Statistical Characterization of Wireless Power Transfer via Unmodulated Emission

Sensors (Basel). 2022 Oct 14;22(20):7828. doi: 10.3390/s22207828.

Abstract

In the past few years, the ability to transfer power wirelessly has experienced growing interest from the research community. Because the wireless channel is subject to a large number of random phenomena, a crucial aspect is the statistical characterization of the energy that can be harvested by a given device. For this characterization to be reliable, a powerful model of the propagation channel is necessary. The recently proposed generalized-K model has proven to be very useful, as it encompasses the effects of path loss, shadowing, and fast fading for a broad set of wireless scenarios, and because it is analytically tractable. Accordingly, the purpose of this paper is to characterize, from a statistical point of view, the energy harvested by a static device from an unmodulated carrier signal generated by a dedicated source, assuming that the wireless channel obeys the generalized-K propagation model. Specifically, by using simulation-validated analytical methods, this paper provides exact closed-form expressions for the average and variance of the energy harvested over an arbitrary time period.
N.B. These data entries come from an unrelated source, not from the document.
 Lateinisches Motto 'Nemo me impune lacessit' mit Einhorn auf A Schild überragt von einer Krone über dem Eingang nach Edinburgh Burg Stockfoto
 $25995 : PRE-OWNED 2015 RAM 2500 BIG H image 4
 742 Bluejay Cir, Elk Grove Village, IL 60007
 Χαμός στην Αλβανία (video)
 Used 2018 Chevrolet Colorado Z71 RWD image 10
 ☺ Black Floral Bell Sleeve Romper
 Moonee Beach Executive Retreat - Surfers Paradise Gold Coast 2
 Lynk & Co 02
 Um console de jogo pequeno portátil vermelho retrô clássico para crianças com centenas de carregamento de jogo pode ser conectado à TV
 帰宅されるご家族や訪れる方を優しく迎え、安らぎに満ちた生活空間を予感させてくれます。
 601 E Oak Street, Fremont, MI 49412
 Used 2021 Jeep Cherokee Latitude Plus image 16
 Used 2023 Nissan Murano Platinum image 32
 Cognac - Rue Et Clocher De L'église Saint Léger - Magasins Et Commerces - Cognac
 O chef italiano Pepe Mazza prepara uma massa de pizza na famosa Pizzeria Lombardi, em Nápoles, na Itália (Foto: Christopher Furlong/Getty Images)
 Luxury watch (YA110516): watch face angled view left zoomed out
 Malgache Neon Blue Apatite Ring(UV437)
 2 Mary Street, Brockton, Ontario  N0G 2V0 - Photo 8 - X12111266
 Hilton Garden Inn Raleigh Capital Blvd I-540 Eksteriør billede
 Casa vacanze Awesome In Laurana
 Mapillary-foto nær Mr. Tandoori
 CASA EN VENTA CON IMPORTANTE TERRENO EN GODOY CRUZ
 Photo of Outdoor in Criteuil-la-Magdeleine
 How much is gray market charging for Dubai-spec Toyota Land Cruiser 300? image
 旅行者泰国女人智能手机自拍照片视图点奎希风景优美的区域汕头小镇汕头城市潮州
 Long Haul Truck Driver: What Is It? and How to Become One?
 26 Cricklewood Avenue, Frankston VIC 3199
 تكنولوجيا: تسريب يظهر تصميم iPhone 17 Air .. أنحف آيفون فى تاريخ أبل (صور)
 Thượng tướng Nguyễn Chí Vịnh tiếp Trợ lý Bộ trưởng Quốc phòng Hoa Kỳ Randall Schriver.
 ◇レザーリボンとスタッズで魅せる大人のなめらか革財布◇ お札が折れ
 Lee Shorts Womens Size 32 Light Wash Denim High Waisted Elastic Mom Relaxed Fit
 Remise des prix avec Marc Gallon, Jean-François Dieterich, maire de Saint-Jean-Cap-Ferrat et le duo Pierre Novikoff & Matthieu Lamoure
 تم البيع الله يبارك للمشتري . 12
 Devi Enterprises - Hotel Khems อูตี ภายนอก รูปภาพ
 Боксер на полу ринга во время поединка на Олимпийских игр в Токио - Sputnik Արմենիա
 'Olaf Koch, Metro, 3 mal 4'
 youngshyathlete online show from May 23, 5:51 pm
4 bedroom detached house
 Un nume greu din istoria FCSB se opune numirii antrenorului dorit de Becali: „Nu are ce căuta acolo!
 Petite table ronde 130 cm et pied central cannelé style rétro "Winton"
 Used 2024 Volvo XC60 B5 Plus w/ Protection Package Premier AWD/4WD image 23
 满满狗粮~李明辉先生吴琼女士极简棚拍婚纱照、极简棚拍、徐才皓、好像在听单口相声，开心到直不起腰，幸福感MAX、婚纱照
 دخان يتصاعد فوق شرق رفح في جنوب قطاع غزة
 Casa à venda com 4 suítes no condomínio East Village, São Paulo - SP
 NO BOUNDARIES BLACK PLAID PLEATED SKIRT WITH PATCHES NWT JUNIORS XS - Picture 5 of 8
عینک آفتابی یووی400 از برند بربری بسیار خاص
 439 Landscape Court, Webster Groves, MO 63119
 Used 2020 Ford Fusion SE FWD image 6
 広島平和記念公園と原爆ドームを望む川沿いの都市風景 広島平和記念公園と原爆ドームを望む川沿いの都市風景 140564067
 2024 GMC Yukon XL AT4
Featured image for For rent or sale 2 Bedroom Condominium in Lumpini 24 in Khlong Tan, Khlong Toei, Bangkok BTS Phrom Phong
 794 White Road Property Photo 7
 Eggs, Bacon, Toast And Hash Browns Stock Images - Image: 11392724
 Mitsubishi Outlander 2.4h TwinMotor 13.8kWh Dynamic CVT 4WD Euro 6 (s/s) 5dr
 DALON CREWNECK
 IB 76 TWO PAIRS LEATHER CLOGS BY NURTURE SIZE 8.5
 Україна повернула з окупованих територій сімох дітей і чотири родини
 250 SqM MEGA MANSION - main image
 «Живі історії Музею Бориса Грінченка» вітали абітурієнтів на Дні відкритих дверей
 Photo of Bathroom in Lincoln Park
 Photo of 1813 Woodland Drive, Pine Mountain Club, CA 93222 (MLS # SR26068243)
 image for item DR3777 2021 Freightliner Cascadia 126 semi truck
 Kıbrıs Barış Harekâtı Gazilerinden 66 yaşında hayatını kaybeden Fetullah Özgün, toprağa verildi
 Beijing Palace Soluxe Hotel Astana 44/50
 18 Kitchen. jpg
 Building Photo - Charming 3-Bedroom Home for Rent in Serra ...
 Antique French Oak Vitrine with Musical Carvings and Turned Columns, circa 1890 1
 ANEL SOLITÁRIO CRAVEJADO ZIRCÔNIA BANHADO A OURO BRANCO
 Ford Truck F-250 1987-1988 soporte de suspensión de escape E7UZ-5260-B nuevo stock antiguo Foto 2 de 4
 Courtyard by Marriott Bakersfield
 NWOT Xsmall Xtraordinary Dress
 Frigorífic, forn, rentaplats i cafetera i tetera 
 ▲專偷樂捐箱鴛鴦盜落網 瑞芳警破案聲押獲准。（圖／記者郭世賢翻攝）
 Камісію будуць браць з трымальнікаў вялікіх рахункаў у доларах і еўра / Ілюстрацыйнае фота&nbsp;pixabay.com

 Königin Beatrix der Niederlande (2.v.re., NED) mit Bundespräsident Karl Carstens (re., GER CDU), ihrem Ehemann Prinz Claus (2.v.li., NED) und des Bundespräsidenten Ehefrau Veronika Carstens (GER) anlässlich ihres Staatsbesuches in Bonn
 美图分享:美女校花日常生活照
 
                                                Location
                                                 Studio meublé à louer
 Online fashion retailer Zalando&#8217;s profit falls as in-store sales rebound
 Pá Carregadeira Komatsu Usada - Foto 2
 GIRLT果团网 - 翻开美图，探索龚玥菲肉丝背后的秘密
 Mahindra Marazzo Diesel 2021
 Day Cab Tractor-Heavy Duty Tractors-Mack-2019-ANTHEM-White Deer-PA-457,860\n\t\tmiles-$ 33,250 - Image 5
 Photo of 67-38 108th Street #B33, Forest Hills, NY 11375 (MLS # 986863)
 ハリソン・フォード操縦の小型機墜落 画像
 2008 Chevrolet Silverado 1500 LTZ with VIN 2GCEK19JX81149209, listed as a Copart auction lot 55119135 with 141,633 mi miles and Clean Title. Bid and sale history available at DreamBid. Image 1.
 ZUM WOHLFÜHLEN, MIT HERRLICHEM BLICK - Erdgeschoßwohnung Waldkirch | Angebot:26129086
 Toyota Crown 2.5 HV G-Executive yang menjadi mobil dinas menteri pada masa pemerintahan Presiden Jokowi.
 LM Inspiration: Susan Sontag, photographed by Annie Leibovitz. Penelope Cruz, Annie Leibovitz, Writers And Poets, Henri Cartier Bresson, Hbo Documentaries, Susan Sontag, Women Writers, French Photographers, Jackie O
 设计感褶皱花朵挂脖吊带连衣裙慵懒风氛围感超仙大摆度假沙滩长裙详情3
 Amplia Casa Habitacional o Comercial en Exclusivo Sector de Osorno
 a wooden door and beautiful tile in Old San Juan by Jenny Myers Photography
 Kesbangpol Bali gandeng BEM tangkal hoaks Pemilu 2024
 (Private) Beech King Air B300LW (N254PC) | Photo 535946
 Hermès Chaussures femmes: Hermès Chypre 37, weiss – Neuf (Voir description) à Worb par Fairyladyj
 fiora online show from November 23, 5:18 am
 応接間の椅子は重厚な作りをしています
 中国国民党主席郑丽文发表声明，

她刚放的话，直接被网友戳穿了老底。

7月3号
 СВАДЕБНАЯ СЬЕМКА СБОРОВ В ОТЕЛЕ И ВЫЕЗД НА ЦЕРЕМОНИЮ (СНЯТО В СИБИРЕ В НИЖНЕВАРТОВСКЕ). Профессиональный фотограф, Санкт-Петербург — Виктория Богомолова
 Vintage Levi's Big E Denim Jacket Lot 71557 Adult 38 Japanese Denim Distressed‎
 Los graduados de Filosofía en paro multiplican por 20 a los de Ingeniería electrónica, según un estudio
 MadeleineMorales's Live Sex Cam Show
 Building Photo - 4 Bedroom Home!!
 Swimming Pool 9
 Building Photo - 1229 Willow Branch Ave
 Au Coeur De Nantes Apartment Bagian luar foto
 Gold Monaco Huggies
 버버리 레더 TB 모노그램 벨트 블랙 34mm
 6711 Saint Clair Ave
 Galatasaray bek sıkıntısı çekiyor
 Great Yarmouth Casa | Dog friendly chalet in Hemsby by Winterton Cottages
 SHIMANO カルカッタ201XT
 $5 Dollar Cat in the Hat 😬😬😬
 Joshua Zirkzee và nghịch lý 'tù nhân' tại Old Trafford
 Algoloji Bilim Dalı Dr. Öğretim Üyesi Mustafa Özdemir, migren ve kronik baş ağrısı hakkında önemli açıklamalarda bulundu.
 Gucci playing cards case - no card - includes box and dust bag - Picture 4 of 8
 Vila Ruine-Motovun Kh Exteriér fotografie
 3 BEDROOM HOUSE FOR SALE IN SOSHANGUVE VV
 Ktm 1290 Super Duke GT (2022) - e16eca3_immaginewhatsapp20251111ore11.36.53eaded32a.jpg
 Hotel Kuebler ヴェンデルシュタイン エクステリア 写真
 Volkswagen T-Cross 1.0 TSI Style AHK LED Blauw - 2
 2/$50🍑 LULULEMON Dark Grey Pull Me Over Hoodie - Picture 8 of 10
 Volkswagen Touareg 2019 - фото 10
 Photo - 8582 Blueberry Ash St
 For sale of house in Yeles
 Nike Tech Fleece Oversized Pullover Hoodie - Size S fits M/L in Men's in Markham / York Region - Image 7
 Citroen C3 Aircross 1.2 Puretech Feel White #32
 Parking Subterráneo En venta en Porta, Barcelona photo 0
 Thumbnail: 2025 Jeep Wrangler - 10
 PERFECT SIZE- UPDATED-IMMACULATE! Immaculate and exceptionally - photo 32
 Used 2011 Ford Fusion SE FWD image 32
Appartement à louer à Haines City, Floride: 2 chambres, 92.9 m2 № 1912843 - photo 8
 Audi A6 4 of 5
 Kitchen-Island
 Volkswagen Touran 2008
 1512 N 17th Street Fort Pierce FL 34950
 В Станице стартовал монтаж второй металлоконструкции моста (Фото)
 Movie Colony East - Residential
The derived formulation can be used to determine a power transfer plan that allows multiple or even massive numbers of low-power devices to operate continuously, as expected from future network scenarios such as the Internet of things or 5G/6G.

Keywords: additive white Gaussian noise; correlation; mean; multi-path fading; path loss; radio-frequency energy harvesting; shadowing; unmodulated carrier; variance; wireless power transfer.

Grants and funding

This research received no external funding.